I listen to a lot of podcasts—it’s what I do at the gym. And at the top of many of them there is a request for support. “Umm,” I always think as I am on the treadmill or lifting weights, “I should do that.” And then I continue exercising and forget all about it until the next time I’m listening and there is a specific ask.
I’m also guilty of reading direct mail and thinking, “Sure, I’ll write a check,” then putting the paperwork in my office….and forgetting about it until my yearly clean-out. Phonathons have much the same effect. Too often I say yes, but if no one follows up (and I cannot believe how often that occurs) my good intentions go out the door.
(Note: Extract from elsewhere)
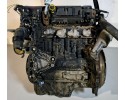 Motor Opel Astra Corsa D Meriva 1.4, A14XER A 14XER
The point is not that I am a bad person. It is that there is a reason that face-to-face asks are at the top of the ladder of effective solicitation. The closer you are to a person, the more you can gauge where they are, how motivated and how much more you need to do to get them to make that gift.
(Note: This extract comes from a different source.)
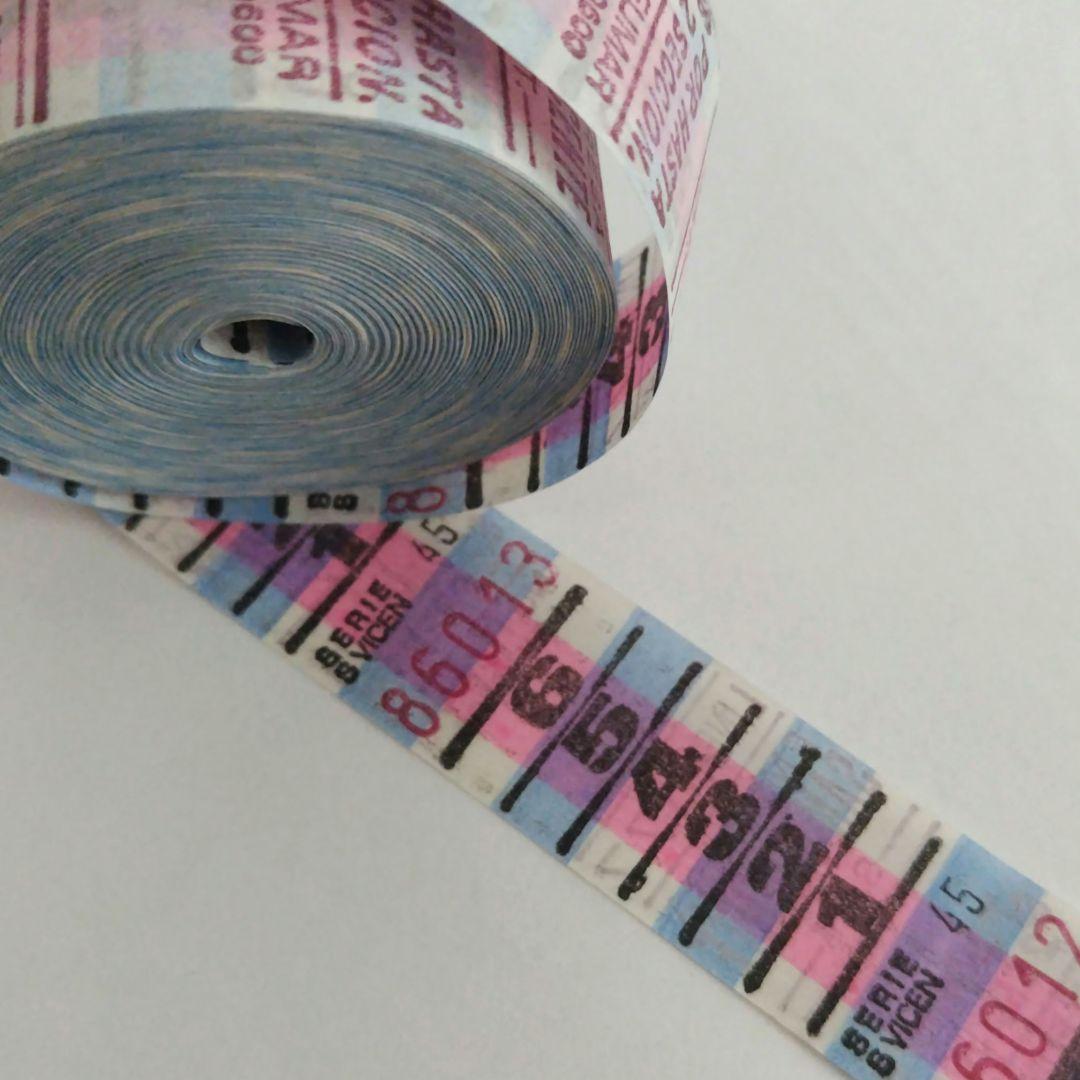 まーたん✴️様 リクエスト 6点 まとめ商品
It’s why big gifts are generally gotten by one person asking another person up close and personal. And it is why I believe that social media as a fundraising phenomena will never be the norm for major gifts.
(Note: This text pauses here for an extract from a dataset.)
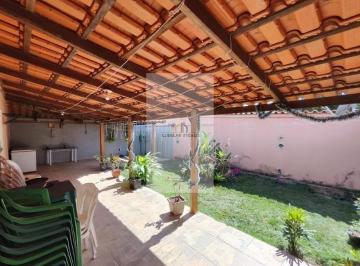 Foto 14 · Casa, Central, Mateus Leme, MG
That’s not to say that fundraising techniques that can easily touch a lot of people at once aren’t important. They are. But Pareto’s Principle still holds. Some people call this the 80/20 rule, but in reality it just means that the majority of results come from a minority of inputs. So, as we know, most of the wealth in this country is held by a very small number of people. Likewise, most of your gift revenue will come from a small percentage of your donors.
These donors, by and large, will respond best to personal attention. A wise executive or development director makes sure that time is set aside for those individual visits, one on one phone calls, regular check-ins. These are donors you really don’t want to lose.
While everyone who supports us is important, if a $75 donor decides not to respond to your direct mail, you probably won’t be facing a fiscal crisis. But if the donor you were counting on for a $75,000 gift doesn’t come through, you may be in a bit of a pickle.
But why stop at major donors? It may not pay for you to actually meet a smaller donor, but a personal call or handwritten note may push that prospect to respond by finally pulling out the checkbook or writing the credit card number on that reply device.
Don’t hope that donors will remember to give; remind them. And remember that the closer you are to the prospect, the closer he or she is to becoming a donor.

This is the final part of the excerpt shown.